* **EXERCISE OBJECTIVE**
Go through the listing below from the line containing "3-bedroom apartment, finished, with" to its last line, retyping each line exactly and nothing else.

****

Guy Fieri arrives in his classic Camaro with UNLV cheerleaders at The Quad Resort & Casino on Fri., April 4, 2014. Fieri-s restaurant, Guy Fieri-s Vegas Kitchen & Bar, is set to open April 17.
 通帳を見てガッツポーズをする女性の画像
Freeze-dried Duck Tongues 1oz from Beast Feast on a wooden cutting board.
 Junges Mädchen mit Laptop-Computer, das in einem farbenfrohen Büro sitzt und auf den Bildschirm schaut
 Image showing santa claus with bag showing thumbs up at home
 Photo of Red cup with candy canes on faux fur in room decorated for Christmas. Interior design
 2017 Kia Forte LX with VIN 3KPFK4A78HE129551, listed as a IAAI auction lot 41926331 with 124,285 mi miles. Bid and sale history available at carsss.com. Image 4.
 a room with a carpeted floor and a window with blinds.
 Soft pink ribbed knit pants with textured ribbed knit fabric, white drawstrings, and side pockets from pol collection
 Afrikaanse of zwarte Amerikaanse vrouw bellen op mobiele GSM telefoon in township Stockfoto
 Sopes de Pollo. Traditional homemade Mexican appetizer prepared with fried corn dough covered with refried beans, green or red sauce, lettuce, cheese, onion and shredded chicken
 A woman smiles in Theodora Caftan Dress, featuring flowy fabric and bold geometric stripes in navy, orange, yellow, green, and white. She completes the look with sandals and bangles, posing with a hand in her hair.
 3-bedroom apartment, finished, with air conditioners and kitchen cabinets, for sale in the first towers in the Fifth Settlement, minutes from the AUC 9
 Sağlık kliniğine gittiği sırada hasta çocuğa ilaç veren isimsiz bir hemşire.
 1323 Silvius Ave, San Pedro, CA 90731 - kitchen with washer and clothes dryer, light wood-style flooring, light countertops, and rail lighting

****

* **TASK RESULT**
 3-bedroom apartment, finished, with air conditioners and kitchen cabinets, for sale in the first towers in the Fifth Settlement, minutes from the AUC 9
 Sağlık kliniğine gittiği sırada hasta çocuğa ilaç veren isimsiz bir hemşire.
 1323 Silvius Ave, San Pedro, CA 90731 - kitchen with washer and clothes dryer, light wood-style flooring, light countertops, and rail lighting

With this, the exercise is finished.